I’ve come to the realisation that you can learn just as much about your running, from being injured as you can when you are going through a really good period of running. Once again I find myself unable to run for a few weeks, and I am hoping this is a worst case estimate; due to a combination of ‘man-flu’ and a hamstring strain.
This will not be another rant about being injured and the frustration of not being able to run. Not being able to run has shown me how important running is to me and how I miss it when I am not doing it.
So for now November has ended with me sitting with a lemsip and hoping to use a stationary exercise bike, rather than increasing my training load. That’s not to say that November has been a bad month for running. In fact I have really enjoyed racing in mud. Maybe it comes from when I used to play rugby in the Winter or that I don’t mind slipping and sliding on a cold Saturday afternoon. Whatever the explanation I’ve come to enjoy running through the mud, running up and down hills and just generally trying to stay vertical rather than horizontal. There’s also something quite instinctual about running in a pack of people.
Whatever the reason for enjoying running in mud, it seems to make me faster or at the very least feel faster. With a marathon you are constantly aware of not straying beyond a certain pace or speeding up too fast at a certain point. With cross country you don’t need to worry about ‘running out of gas’ or ‘blowing up’; instead you can push as hard as you want without the fear of endless miles of turmoil, knowing that you have ‘hit the wall’. Of course you can still get punished for not judging your run correctly, you will end up slowing down or being caught by other runners. The latter experience is not great for the ego, but quickly helps you learn from your misjudged effort.

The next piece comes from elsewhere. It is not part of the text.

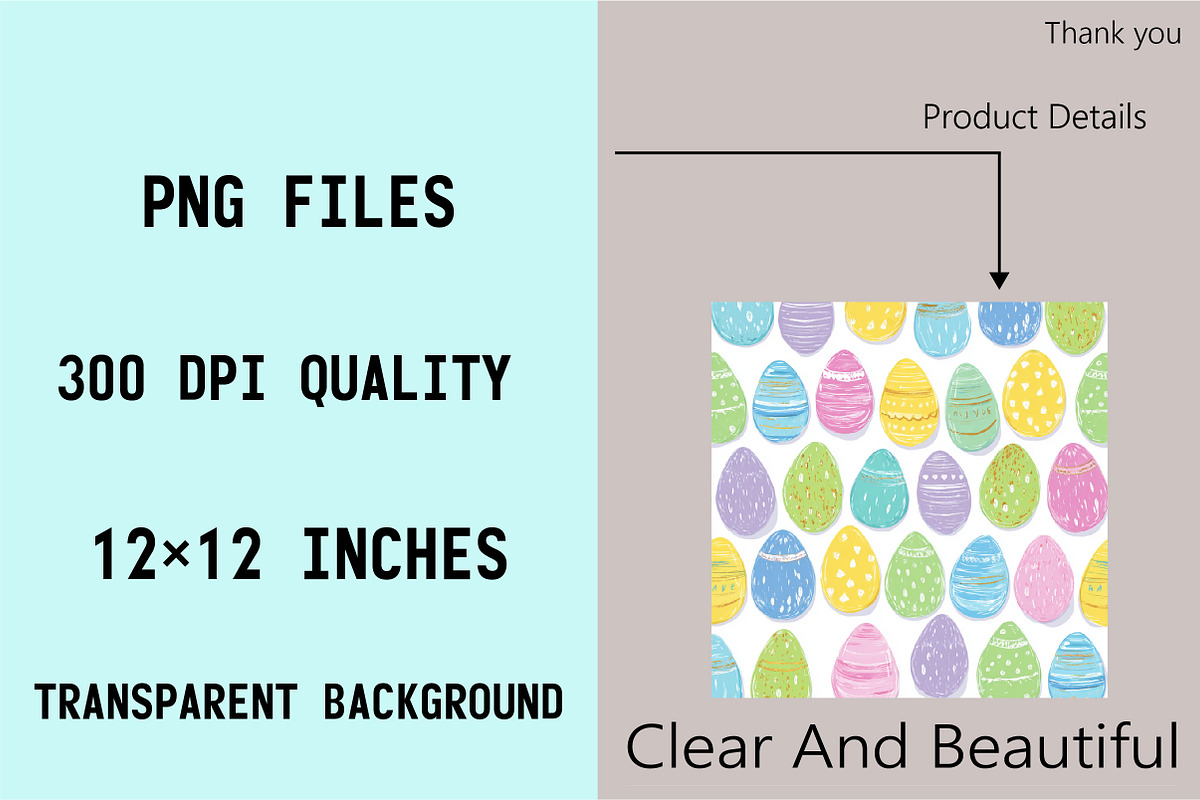 Easter Colors Digital Paper Pattern, a Pattern Graphic by SVGArt (Photo 5 of 8)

That said whether things go right or wrong during a cross-country race, there is the thrill of seeing how far you can push things. You can find team mates who you know of are a similar speed; choosing to see if you can hang-in there with them, race ahead of them or combine to overtake rival club runners. Whatever your race approach there seems to be two other important aspects (well to me anyway): the terrain of the course and how long you can hang onto a certain pace until the race ends.

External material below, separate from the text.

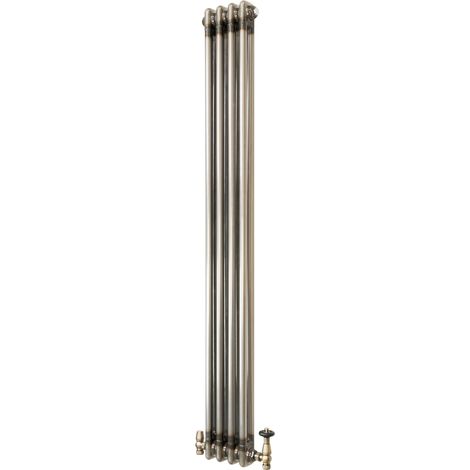 Radiatore 2 Colonne Verticale Metallo Grezzo 1500 x 200 mm TRV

There’s unique mix of pain and achievement, as you crest a particularly nasty hill to know that you have completed it for that lap ; and you are either heading downwards at speed or you are running flat, with some space to regain your pace and breath. It’s also great being able to judge a course with the right pace, knowing when to push ahead and when to hold back.

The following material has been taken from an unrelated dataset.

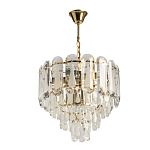 Люстра многоярусная с овальными прозрачными подвесками 36 см Harmonica варинант исполнения - 2 | Loft Concept в Твери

Last but not least there is hanging on as you run across the mud. This is probably what I love most about racing; it doesn’t matter whether you are an international athlete or a first time runner. There will come a point during a race where you will exhaust your physical reserves, and it will be down to how you can deal with the discomfort from within your head. You can’t train harder to avoid this pain, that will only enable to hang on for longer, instead it is about embracing that moment and knowing that it will eventually pass.
Realising that things won’t last forever brings me nicely back to what I was talking about at the beginning of the blog. Learning about running even when you are not doing it. I was definitely unhappy about not running Uxbridge, but it has highlighted how my training differs from when I am running and when I am injured. I find that I can be quite negative about the schedule of exercises that will make me better, because they are not related to running, and therefore I do not value them as highly. So for now it is going to be staying in the present moment, learning what I can from being injured and looking forward to running again in December.